WINDSOR, Ont. — Unifor president Jerry Dias says General Motors will consider options put forward by the union to keep the Oshawa assembly plant open and respond by Jan. 7.
Dias met with senior GM officials at their headquarters in Detroit Thursday to make the case that the Ontario plant should be kept open.
“The meeting today was frustrating,” said Dias at a press conference in Windsor following the sit-down.
“But in the meeting today, General Motors did not unilaterally slam the door either. They announced that they would listen to our proposals and they would get back to us by the 7th of January whether or not they will work with us to find a solution.”
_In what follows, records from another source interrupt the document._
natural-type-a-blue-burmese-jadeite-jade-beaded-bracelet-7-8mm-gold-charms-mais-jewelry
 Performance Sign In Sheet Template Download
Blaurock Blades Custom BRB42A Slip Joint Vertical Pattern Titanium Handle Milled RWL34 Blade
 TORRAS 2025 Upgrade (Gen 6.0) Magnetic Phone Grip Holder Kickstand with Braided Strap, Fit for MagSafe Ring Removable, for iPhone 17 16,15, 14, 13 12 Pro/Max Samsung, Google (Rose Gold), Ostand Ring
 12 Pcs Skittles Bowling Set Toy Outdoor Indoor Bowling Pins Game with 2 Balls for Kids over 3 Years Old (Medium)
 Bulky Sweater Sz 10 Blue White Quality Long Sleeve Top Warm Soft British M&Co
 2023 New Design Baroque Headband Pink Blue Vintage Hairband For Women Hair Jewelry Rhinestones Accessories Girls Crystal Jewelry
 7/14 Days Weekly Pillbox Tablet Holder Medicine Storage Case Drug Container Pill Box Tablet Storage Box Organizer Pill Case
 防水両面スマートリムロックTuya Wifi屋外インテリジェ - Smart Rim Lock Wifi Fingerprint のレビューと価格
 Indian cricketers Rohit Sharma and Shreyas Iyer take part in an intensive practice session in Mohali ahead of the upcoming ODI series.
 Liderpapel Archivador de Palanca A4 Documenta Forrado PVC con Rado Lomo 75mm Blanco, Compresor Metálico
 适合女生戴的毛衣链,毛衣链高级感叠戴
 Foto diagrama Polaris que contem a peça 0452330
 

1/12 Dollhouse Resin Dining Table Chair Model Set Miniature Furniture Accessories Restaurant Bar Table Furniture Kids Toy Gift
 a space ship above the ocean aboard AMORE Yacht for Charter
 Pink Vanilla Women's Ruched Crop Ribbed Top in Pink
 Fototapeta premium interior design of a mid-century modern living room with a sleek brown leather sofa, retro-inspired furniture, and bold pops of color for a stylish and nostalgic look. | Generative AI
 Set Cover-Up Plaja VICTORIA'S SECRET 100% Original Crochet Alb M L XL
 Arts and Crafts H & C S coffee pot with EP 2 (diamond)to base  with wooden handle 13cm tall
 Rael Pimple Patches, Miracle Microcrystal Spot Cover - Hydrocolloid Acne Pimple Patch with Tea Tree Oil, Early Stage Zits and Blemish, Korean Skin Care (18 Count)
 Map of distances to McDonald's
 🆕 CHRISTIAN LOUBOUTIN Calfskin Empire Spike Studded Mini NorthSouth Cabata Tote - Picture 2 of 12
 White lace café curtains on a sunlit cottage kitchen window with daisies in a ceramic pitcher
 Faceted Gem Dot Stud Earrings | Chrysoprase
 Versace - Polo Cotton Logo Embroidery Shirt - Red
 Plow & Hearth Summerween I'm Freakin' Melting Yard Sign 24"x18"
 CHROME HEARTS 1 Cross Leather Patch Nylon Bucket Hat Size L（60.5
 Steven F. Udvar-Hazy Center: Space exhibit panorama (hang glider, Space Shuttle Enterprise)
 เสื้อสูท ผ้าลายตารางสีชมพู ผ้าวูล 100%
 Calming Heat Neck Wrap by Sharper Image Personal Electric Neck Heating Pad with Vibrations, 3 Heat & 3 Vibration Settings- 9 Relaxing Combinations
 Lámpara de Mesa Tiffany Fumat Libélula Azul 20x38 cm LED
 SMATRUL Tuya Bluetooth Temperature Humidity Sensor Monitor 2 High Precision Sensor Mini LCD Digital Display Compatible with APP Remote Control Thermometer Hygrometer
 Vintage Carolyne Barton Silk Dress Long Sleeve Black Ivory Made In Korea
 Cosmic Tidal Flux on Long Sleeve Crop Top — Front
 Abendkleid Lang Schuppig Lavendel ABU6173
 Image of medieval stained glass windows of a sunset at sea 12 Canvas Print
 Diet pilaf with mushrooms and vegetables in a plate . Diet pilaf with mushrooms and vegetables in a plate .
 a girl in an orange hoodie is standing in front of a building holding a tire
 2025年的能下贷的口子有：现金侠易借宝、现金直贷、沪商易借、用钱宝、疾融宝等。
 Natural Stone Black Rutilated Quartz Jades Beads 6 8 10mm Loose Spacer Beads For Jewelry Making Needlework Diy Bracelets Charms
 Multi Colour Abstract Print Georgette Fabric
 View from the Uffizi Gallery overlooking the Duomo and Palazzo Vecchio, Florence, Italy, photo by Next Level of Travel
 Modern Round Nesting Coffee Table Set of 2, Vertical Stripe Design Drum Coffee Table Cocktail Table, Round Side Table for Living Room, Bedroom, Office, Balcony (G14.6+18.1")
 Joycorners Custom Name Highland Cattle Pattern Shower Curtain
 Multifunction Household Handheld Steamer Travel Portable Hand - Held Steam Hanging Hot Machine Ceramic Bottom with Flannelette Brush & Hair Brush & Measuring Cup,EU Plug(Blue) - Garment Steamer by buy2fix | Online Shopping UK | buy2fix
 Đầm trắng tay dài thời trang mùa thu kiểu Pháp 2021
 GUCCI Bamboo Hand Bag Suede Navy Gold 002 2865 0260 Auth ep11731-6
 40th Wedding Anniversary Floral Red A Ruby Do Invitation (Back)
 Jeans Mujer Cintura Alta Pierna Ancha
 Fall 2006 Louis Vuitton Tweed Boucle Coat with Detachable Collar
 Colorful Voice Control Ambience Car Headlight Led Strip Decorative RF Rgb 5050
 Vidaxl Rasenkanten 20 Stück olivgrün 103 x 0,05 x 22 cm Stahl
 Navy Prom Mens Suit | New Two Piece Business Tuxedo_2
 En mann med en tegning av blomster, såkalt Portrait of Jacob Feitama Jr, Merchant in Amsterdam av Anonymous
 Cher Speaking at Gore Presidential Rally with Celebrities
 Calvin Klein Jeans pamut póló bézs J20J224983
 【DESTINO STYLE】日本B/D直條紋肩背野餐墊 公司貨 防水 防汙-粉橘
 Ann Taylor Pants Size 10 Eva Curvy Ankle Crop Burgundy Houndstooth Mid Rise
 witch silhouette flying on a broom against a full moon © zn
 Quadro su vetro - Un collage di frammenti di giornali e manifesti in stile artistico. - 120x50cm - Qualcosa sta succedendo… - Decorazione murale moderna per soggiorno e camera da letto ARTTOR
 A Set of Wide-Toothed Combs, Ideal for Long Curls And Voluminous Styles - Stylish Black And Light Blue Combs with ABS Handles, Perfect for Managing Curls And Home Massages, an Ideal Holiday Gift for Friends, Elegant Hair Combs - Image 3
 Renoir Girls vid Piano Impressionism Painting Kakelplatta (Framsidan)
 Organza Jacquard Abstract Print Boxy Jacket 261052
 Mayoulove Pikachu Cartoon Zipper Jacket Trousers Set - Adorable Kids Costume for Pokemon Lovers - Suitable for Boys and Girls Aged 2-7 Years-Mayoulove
Dias said the company has options, such as extending the life of the car lines produced in Oshawa, keeping current truck production there, or shifting other planned production from Mexico to the Oshawa plant, which can produce both cars and trucks.
GM blindsided the union and the city of Oshawa when it announced in late November that it was winding down operations at the plant and cutting close to 3,000 jobs.
Unifor has described the move as a betrayal, amplifying that message by launching a new advertising campaign Thursday on television, radio, online and in newspapers.
“Our argument to General Motors today is that they truly have gone too far,” said Dias.
Dias has said the closure of the Oshawa plant would set the stage for the company leaving Canada entirely with just one assembly plant left in the country.
In a news release, GM Canada said it was looking to counter some of the claims of the union, adding that it was “committed to Canada and we are not going anywhere.” The company said it still has a workforce of more than 5,000 in Canada and has also committed millions of dollars to retrain and help Oshawa workers transition to new jobs.
Late last month, the automaker announced that the Oshawa plant was one of five facilities it would close, the four others being in the United States. Production at the Oshawa plant has been dwindling for years and it has been operating well under capacity.